=== Section Start ===
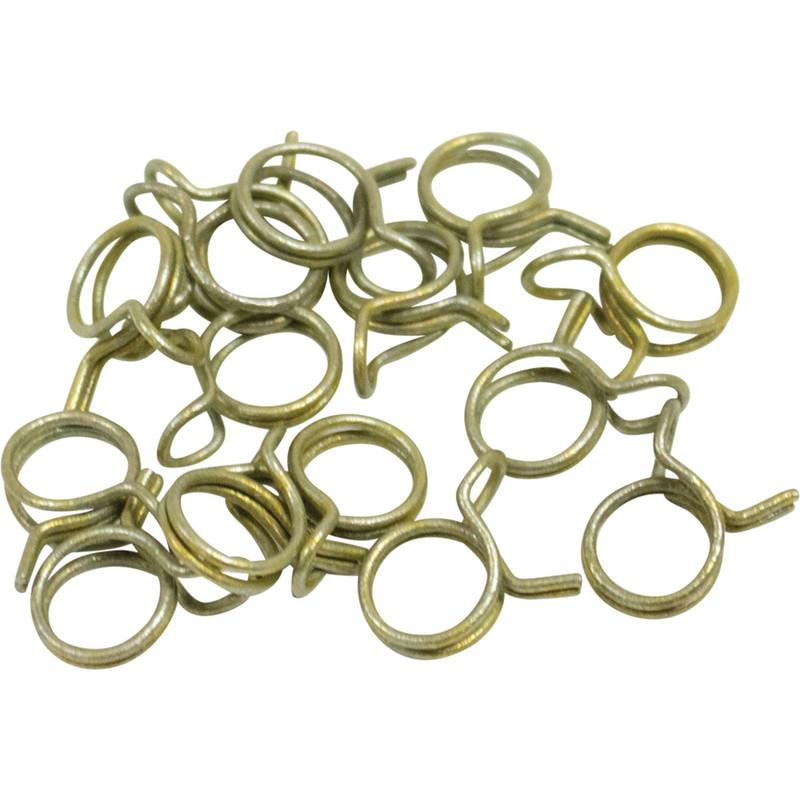 HELIX RACING 111-1516 5/16FT DOUBLE WIRE HOSE CLAMPS 15PK, 5/16 Inch Clamping Range; Double Wire Style; Zinc Plated Steel; Pack Of 15 from The Twister Group HELIX RACING 111-1516 5/16FT DOUBLE WIRE HOSE CLAMPS 15PK, 5/16 Inch Clamping Range; Double Wire Style; Zinc Plated Steel; Pack Of 15 - The Twister Group Tools product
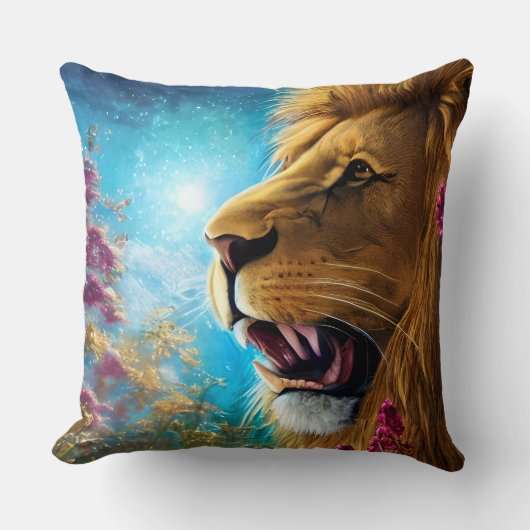 獅子の姿勢 クッション (正面)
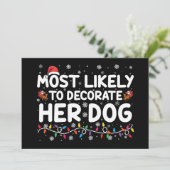 Invitation Très Probable De Décorer Sa Famille De Chiens Noël (Debout devant)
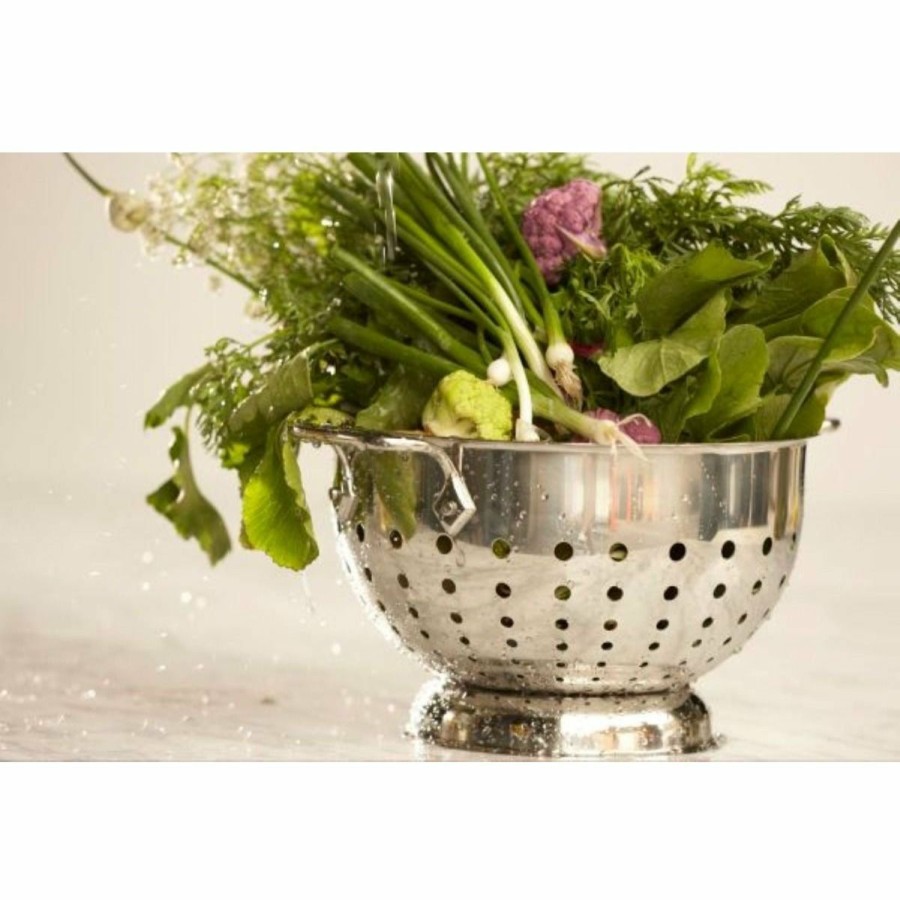 Cooks' Tools * | All-Clad Stainless Steel Colander | 5 Qt.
=== Section End ===
*Exercise goal*: Only the pictures should be left out; the rest of the material above must be repeated exactly.

*Solved problem*:
 HELIX RACING 111-1516 5/16FT DOUBLE WIRE HOSE CLAMPS 15PK, 5/16 Inch Clamping Range; Double Wire Style; Zinc Plated Steel; Pack Of 15 from The Twister Group HELIX RACING 111-1516 5/16FT DOUBLE WIRE HOSE CLAMPS 15PK, 5/16 Inch Clamping Range; Double Wire Style; Zinc Plated Steel; Pack Of 15 - The Twister Group Tools product
 獅子の姿勢 クッション (正面)
 Invitation Très Probable De Décorer Sa Famille De Chiens Noël (Debout devant)
 Cooks' Tools * | All-Clad Stainless Steel Colander | 5 Qt.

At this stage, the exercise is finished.